Pictures with short captions:
════════
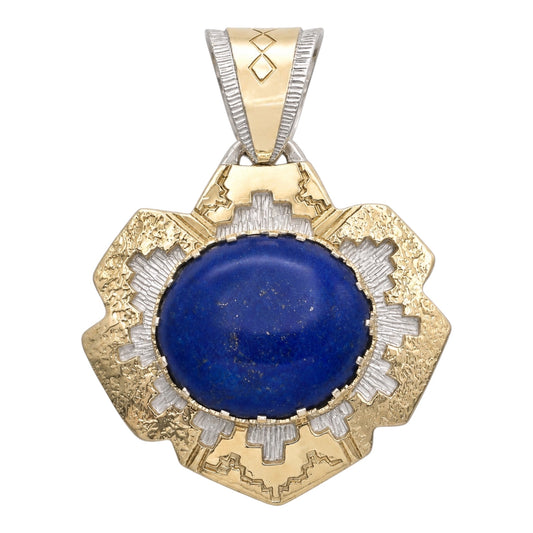 Lapis Pendant & 14K Gold by Dina Huntinghorse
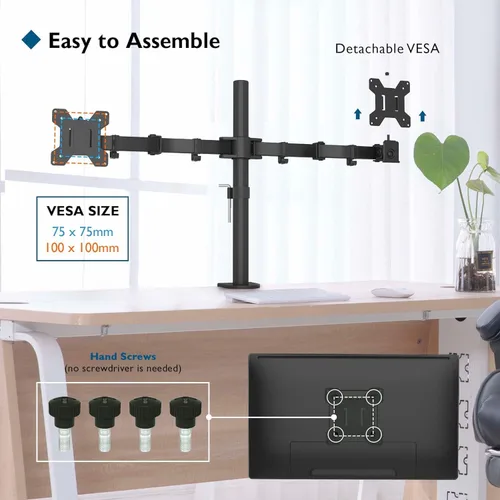 Vista 3 de BONTEC Soporte de escritorio para monitor doble, soporte de monitor ajustable de movimiento completo para pantallas de 13 a 27 pulgadas, brazos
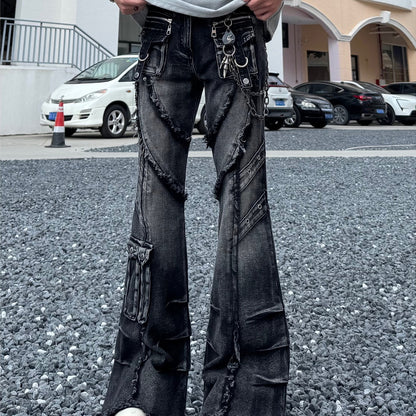 High Street Fan Color Jeans Women's Multi-pocket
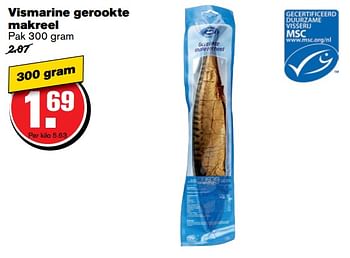 Aanbiedingen Vismarine gerookte makreel - Vismarine - Geldig van 21/06/2017 tot 27/06/2017 bij Hoogvliet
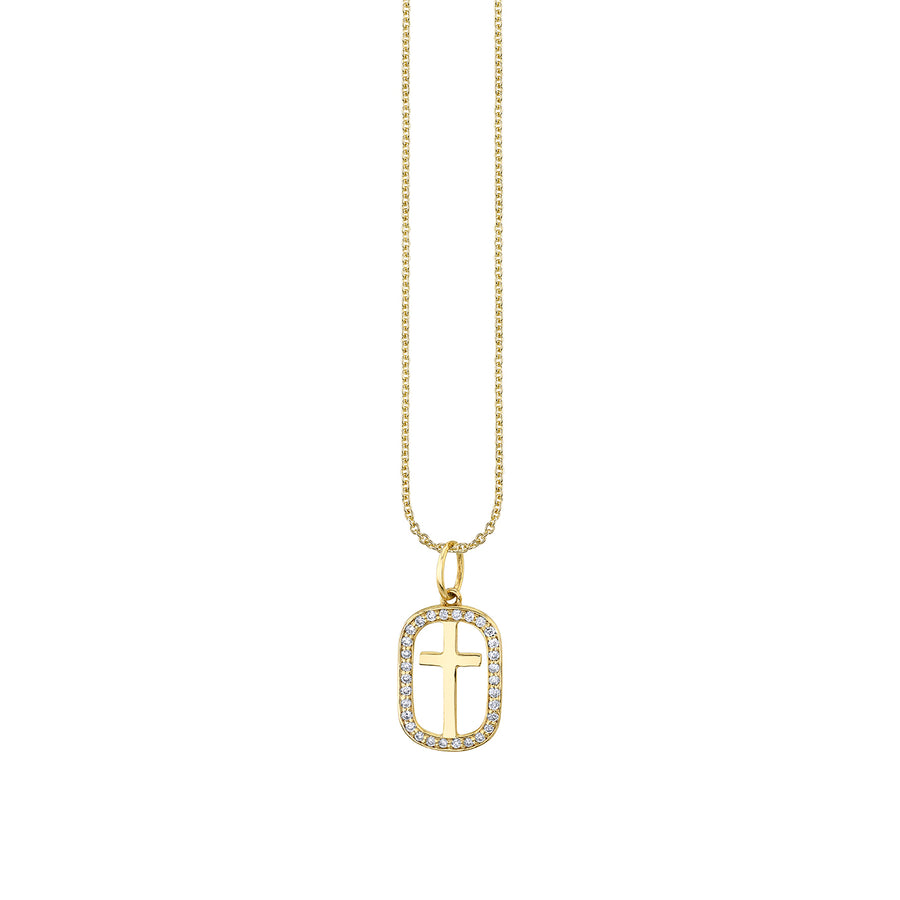 Gold & Diamond Cross Open Icon Charm - Sydney Evan Fine Jewelry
════════
Requirement: The required answer is every line from the one containing "Aanbiedingen Vismarine gerookte" through the last line of the entries, restated word for word and with no pictures.

Result of the exercise:
 Aanbiedingen Vismarine gerookte makreel - Vismarine - Geldig van 21/06/2017 tot 27/06/2017 bij Hoogvliet
 Gold & Diamond Cross Open Icon Charm - Sydney Evan Fine Jewelry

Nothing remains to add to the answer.